● **THE PROBLEM**
Only the lines from the one containing "17089 Hall Rd, Athens, AL 35613" to the end of the data below belong in the answer, each repeated exactly; no pictures.

● **RECORDS FOR THE TASK**
---*---
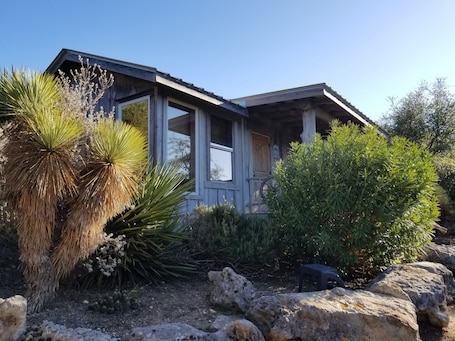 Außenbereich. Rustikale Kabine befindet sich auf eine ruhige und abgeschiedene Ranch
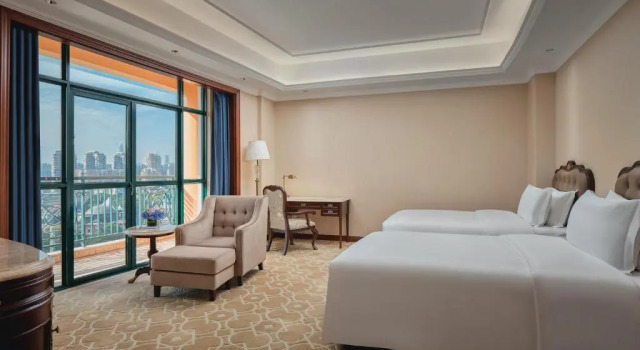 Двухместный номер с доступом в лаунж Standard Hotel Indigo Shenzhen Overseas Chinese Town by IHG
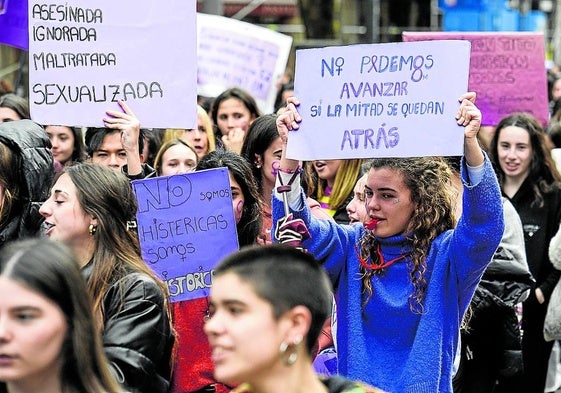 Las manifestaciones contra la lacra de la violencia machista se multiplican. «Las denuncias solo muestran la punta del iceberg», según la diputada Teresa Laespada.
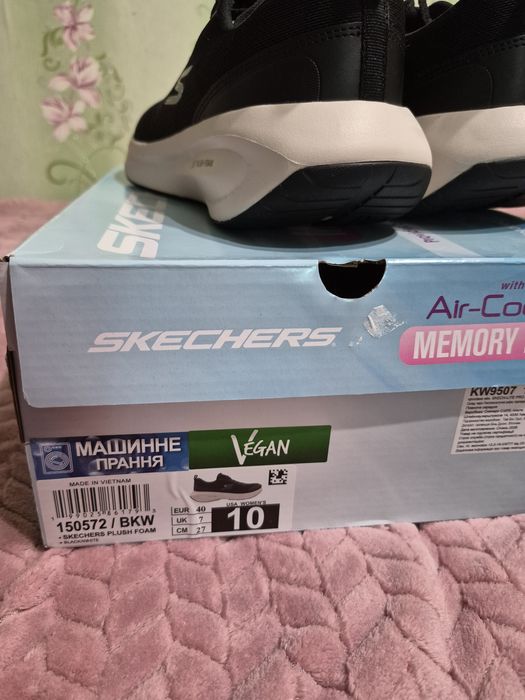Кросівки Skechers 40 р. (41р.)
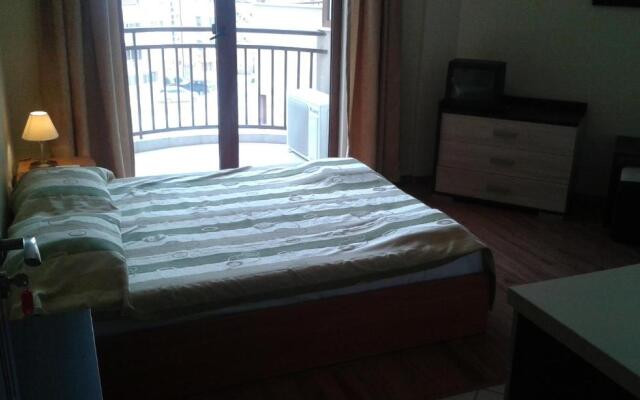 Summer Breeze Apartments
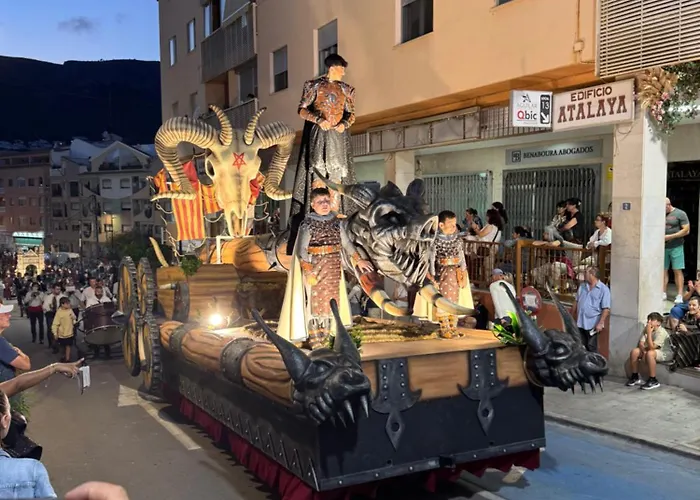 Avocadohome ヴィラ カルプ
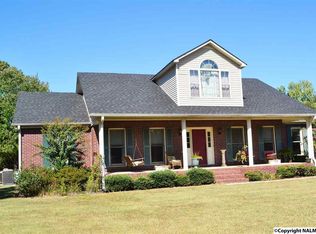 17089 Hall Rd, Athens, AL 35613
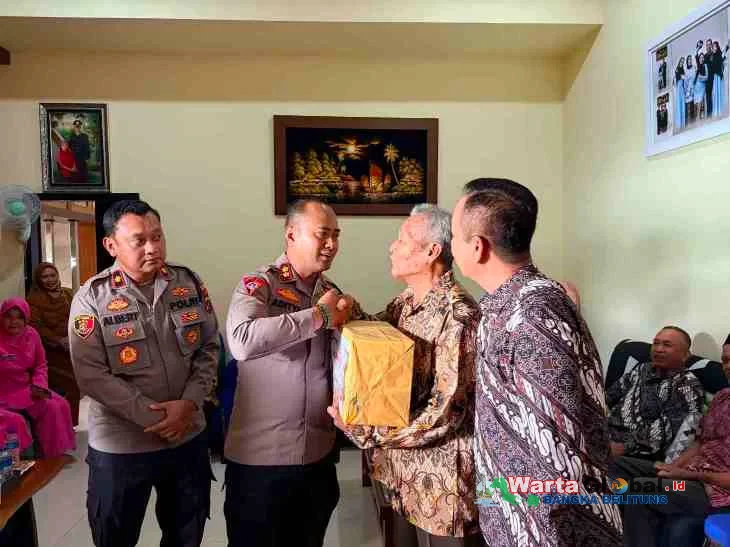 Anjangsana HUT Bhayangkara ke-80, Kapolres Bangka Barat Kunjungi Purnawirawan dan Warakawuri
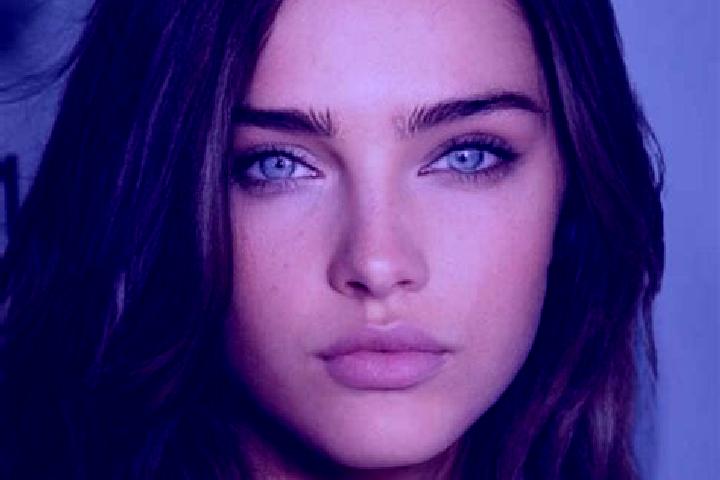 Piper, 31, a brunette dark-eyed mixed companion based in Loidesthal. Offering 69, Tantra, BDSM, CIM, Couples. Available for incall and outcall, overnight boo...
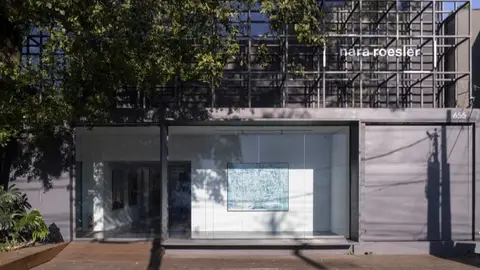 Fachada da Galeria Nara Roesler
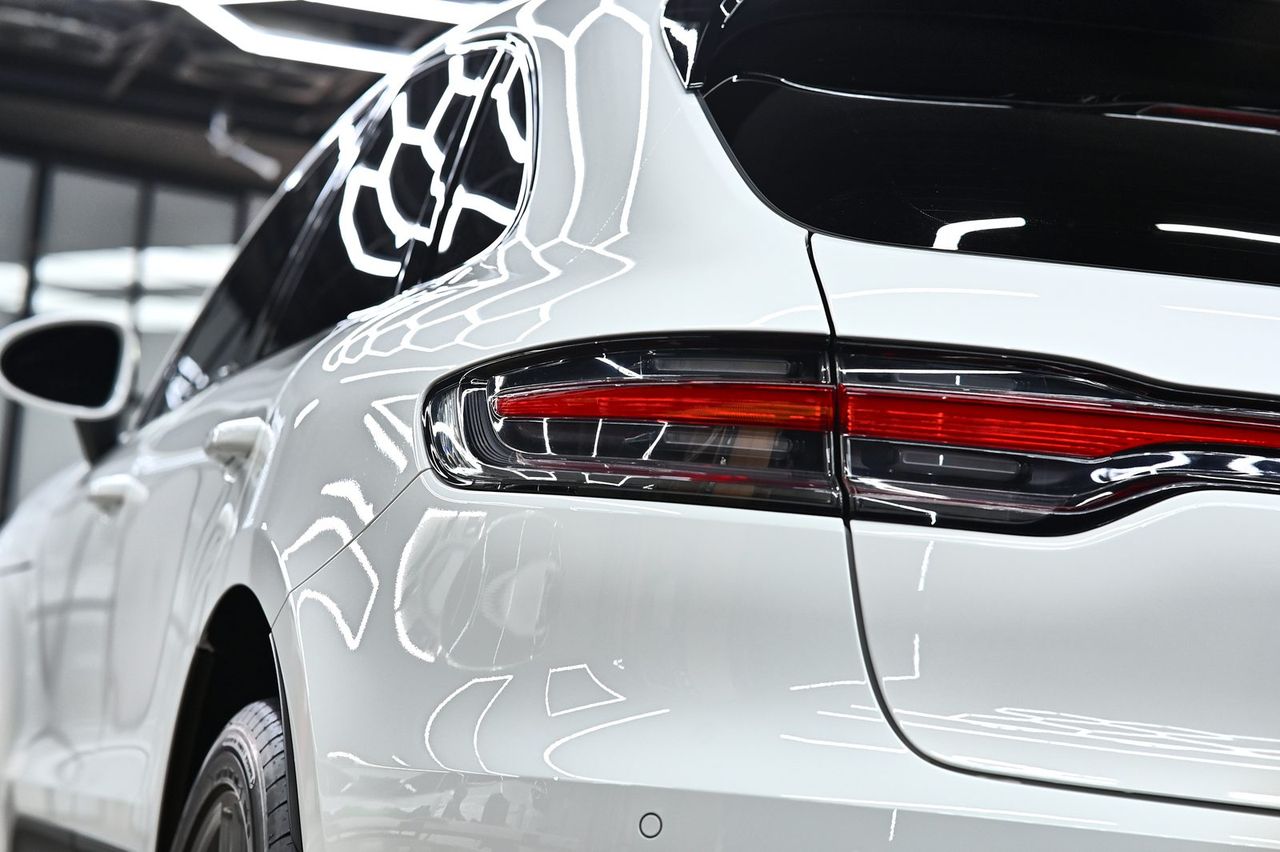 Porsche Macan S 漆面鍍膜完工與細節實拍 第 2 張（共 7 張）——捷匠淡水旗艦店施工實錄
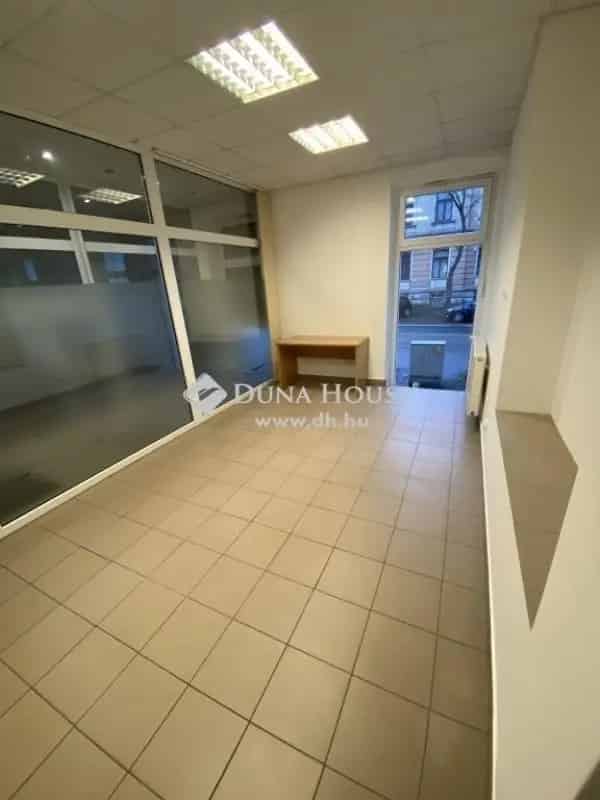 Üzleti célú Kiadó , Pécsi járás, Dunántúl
---*---
● **OUTPUT FOR THIS EXERCISE**
 17089 Hall Rd, Athens, AL 35613
 Anjangsana HUT Bhayangkara ke-80, Kapolres Bangka Barat Kunjungi Purnawirawan dan Warakawuri
 Piper, 31, a brunette dark-eyed mixed companion based in Loidesthal. Offering 69, Tantra, BDSM, CIM, Couples. Available for incall and outcall, overnight boo...
 Fachada da Galeria Nara Roesler
 Porsche Macan S 漆面鍍膜完工與細節實拍 第 2 張（共 7 張）——捷匠淡水旗艦店施工實錄
 Üzleti célú Kiadó , Pécsi járás, Dunántúl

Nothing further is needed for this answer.